Simeprevir potently suppresses SARS-CoV-2 replication, shows synergy with remdesivir
An international study led by researchers from The Chinese University of Hong Kong (CUHK) and The University of Hong Kong (HKU) finds that protease inhibitor simeprevir potently reduces severe acute respiratory syndrome coronavirus 2 (SARS-CoV-2) viral load and demonstrates synergy with remdesivir in vitro.
“Given our goal of identifying immediately usable and practical drugs against SARS-CoV-2, we prioritized a list of repurposed drug candidates for in vitro testing based on joint considerations of safety, pharmacokinetics, drug formulation availability, and feasibility of rapidly conducting clinical trials,” explained the researchers. “We focused on a panel of US FDA-approved antivirals, including the macrocyclic hepatitis C virus [HCV] protease inhibitor simeprevir.” [ACS Cent Sci 2021;doi:10.1021/acscentsci.0c01186]
Tests in a cellular infection model revealed simeprevir as the only prioritized drug candidate that showed potent suppression of SARS-CoV-2 replication in the ≤10 μM range.

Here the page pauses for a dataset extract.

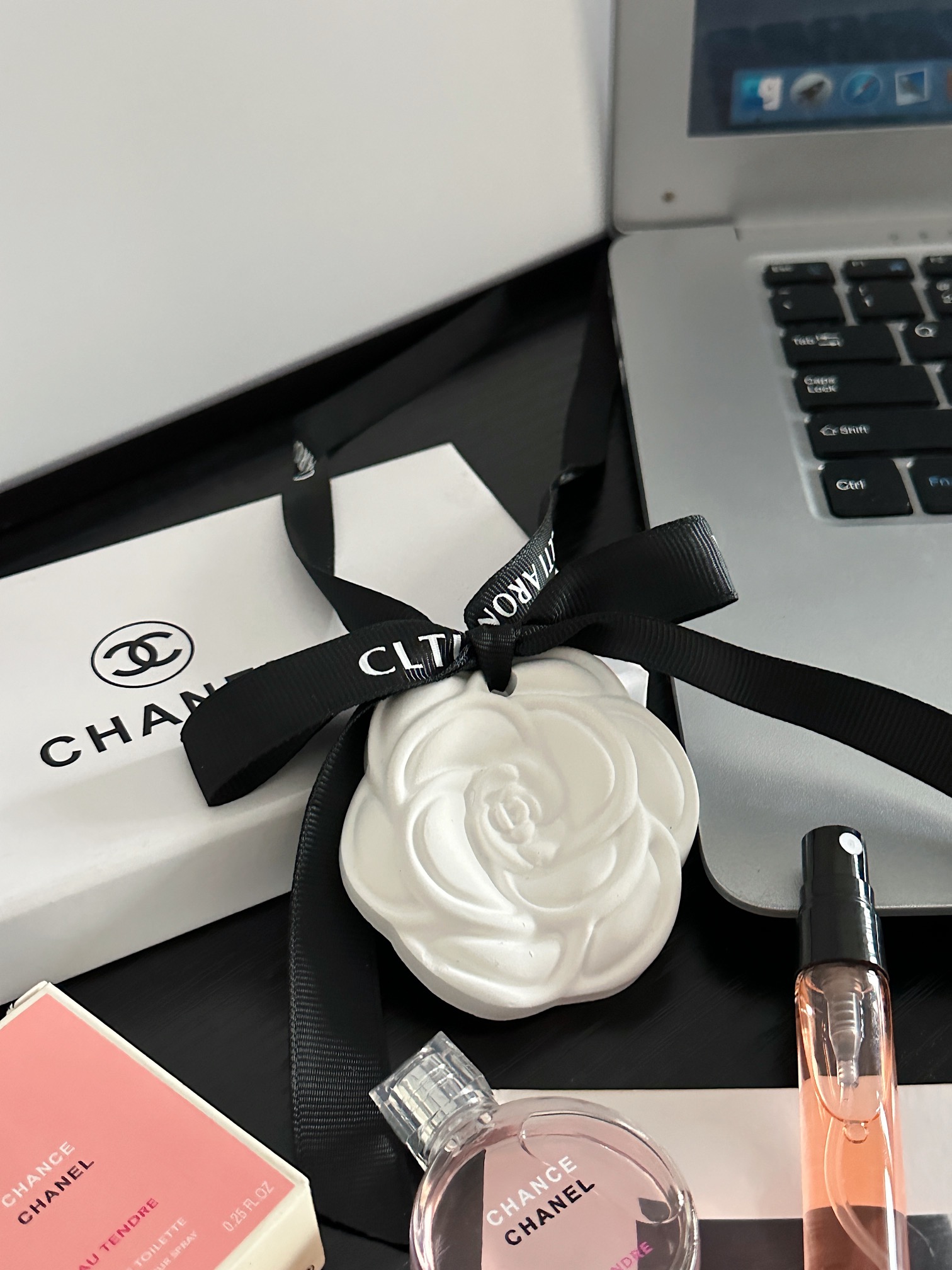 The tender, lingering quality of this fragrance’s drydown offers a quiet - Perfume 6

Earlier experiments in a physiologically relevant human lung epithelial ACE2-expressing cell model also demonstrated simeprevir’s strong antiviral effect. [J Virol 2005;79:3846-3850]
“While simeprevir is a potential candidate for clinical use alone, we hypothesized that it may also have a synergistic effect with remdesivir, thereby mitigating the latter’s reported adverse effects, improving its efficacy, and broadening its applicability,” wrote the researchers. [Lancet 2020;395:1569-1578]
“Indeed, combining simeprevir and remdesivir at various concentrations provided much greater suppression of SARS-CoV-2 replication than using remdesivir alone. Importantly, the resulting potentiation of viral replication suppression was not merely additive, but synergistic, yet no synergistic effect on cytotoxicity was observed,” they continued, adding that these findings are consistent with that of an earlier independent study. [BioRxiv 2020;doi:10.1101/2020.12.13.422511]
“We were delighted with the observed drug synergism,” commented Dr Michael Chan of the School of Public Health at HKU. “We found that adding 3.3 μM simeprevir to 1.1–10 μM remdesivir increased the antiviral effect of remdesivir alone over 100-fold.”
However, the researchers noted several potential limitations to the use of the proposed simeprevir-remdesivir combination. For example, simeprevir requires dose adjustments in patients with Child-Pugh Class B or C cirrhosis, as well as in patients of East Asian ancestry.
“In addition, simeprevir has been taken off the market since 2018 due to the emergence of next-generation HCV protease inhibitors. Hence, its supply may not be ramped up easily,” the researchers wrote. “It is noteworthy that simeprevir is metabolized by the CYP3A4 enzyme with saturable kinetics, while remdesivir itself is not only a substrate of CYP3A4 but also a CYP3A4 inhibitor. Whether such theoretical pharmacokinetic interaction will exacerbate liver toxicity or provide additional pharmacokinetic synergy [in addition to pharmacodynamic synergy] in vivo remains to be tested.” [Janssen, Clinical Pharmacology and Biopharmaceutics Reivew(s) (Application Number 205123Orig1s000), Center for Drug Evaluation and Research]
The researchers also sought to determine simeprevir’s mechanism of inhibiting SARS-CoV-2 replication. Findings of the biochemical assays pointed to the inhibition of two viral enzymatic targets, namely, main protease and RNA-dependent RNA polymerase (RdRp). “Given that simeprevir is originally a non-nucleoside antiviral targeting HCV protease, its inhibition toward RdRp is largely unexpected and represents a novel mechanism of action,” noted the researchers.
“Furthermore, chances of SARS-CoV-2 developing simultaneous mutations in both of these proteins are low, thus lowering the chances of drug resistance,” commented Professor Billy Ng of the School of Pharmacy at CUHK.